Third, one of those yellow dots is not like the others. Four of those new homers landed in the gap left by moving in the center field fences, that lonely one in right field is different. It instead benefited from the shorter height of the fences. More on that in a moment.
Finally, look at that gap between the left field wall and the home runs in left field. None of these home runs are wall scrappers. None of them come close to the wall. These are all 390+ foot bombs.
This chart makes you question what is going on in this stadium, why aren’t there any balls landing between the fence and that seating area above the Clevelander? Four balls landed short of that seating area, and each of them hit the facing, which is about 390 feet out and maybe 20 feet high. It is hard to pull off those wall climbing catches when balls are flying 15-30 feet over the wall.
There is one ball that was withing jumping distance in right field. Here is a gif of that play. It certainly could have been caught, but it is a very difficult play. There are roughly 33 home runs that went over an area of the field where the fences are shortened to either 7 or 8.5 feet, and one of them, only one of them, could have been played by the outfielder. All of the others left the field by a large margin.
I track home runs in this same sort of manner for Citi Field, I have done so for the past few years, and this is a very weird concept for me to wrap my head around. Many of the home runs in Citi Field leave the park by a small margin, maybe 1 or 2 rows of seats.
What you see here in Marlins Park is totally, totally different. These balls are leaving by a huge margin. If this pattern of home runs is their normal baseline, you really have to question the wisdom of merely lowering the fences in left field. I admit, I don’t follow home runs in Marlins Park very closely, so maybe over the course of the past few years there have been many more balls that barely passed over that left field fence.
As for center field, four additional home runs might be about what you’d expect from bringing in the walls only, about, 8 feet on average over that length of the outfield. The Mets made a similar change to a similar area of their ball park last season, and there was an increase of 14 home runs. Oddly enough, two of which were hit by Stanton. Stanton has also hit one of the four in Marlins Park.
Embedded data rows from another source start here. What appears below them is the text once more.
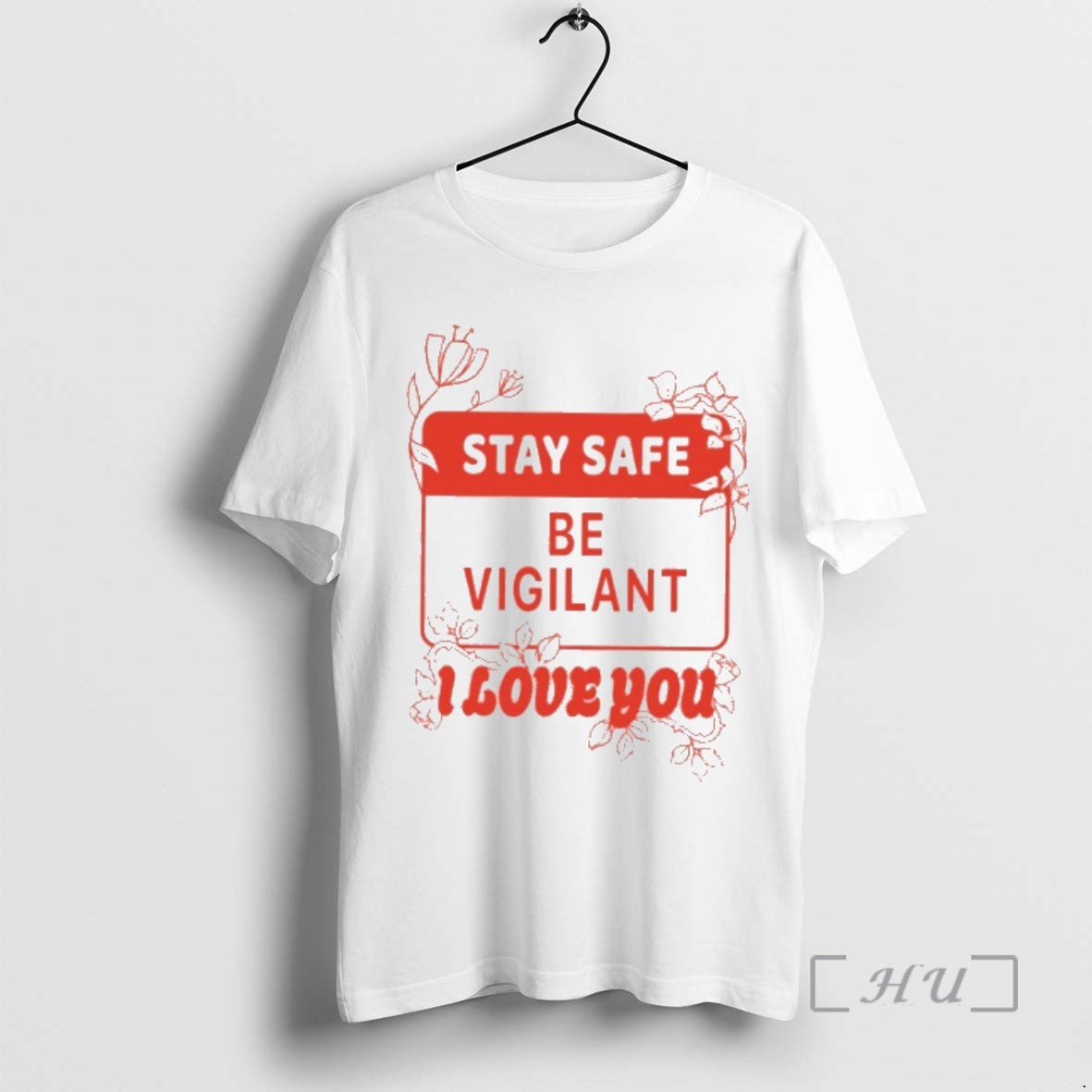 Officials Stay Safe Be Vigilant I Love You - clothing by TeeHivey.com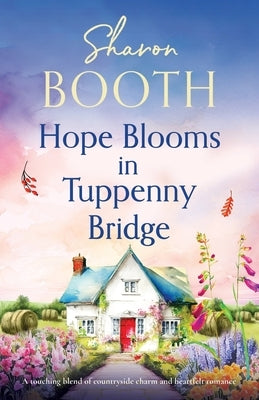 Hope Blooms in Tuppenny Bridge: A touching blend of countryside charm and heartfelt romance by Booth, Sharon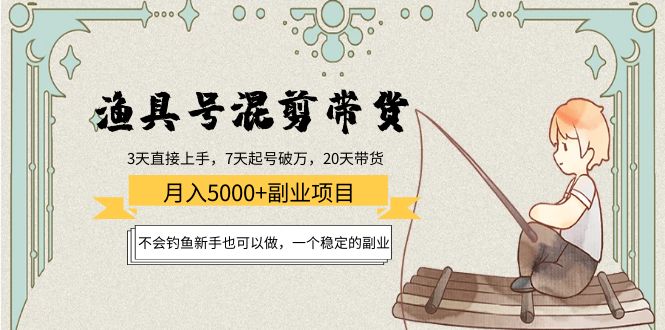渔具号混剪带货月入5000+项目：不会钓鱼新手也可以做，一个稳定的副业| 网创圈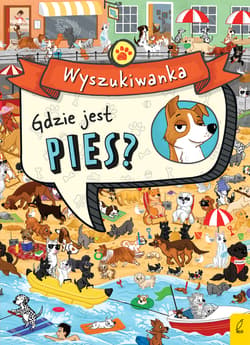 Gdzie jest pies? Wyszukiwanka - Opracowanie Zbiorowe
Naturally, there is always criticism when a team moves in their fences, and the Marlins are no exception. Many have spoken out about the Marlins only moving in the one section in center field. Looking at the home run patterns so far this season, it is easy to understand the Marlins hesitation to bring the fences in further. I don’t know exactly what the distribution of fly balls short of that left field fence looks like, I don’t have a method of easily and accurately mapping it out. I can plot out the landing coordinates given by gameday, and in doing so I have found a large and pronounced gap in landing locations in left field, but the gameday coordinates are not accurate or necessarily reliable.
It could be that moving in the fences in left field modestly, 5 to 10 feet, would add little, if any, additional home runs, while moving it in aggressively might add too many. Maybe there is a phenomena, air conditioning, convection currents, whatever it may be, that is grabbing balls hit above a certain height, or on a certain angle, and pushing them out into deep left field. Presumably, balls hit below that necessary height or angle aren’t gaining any benefit at all, which could leave a large gap between the balls that are boosted and those which are not. It could be that the left field wall is located somewhere within that dead zone. But, this is all speculation, I don’t know what forces are at work or the distribution of fly balls, so I can only guess.
It seems like Marlins Park may end up being one of the more difficult stadiums to adjust. Moving in the fences may not be a realistic option, so they may have to turn to more creative alternatives. Or, perhaps, learn to live with the park the way it is.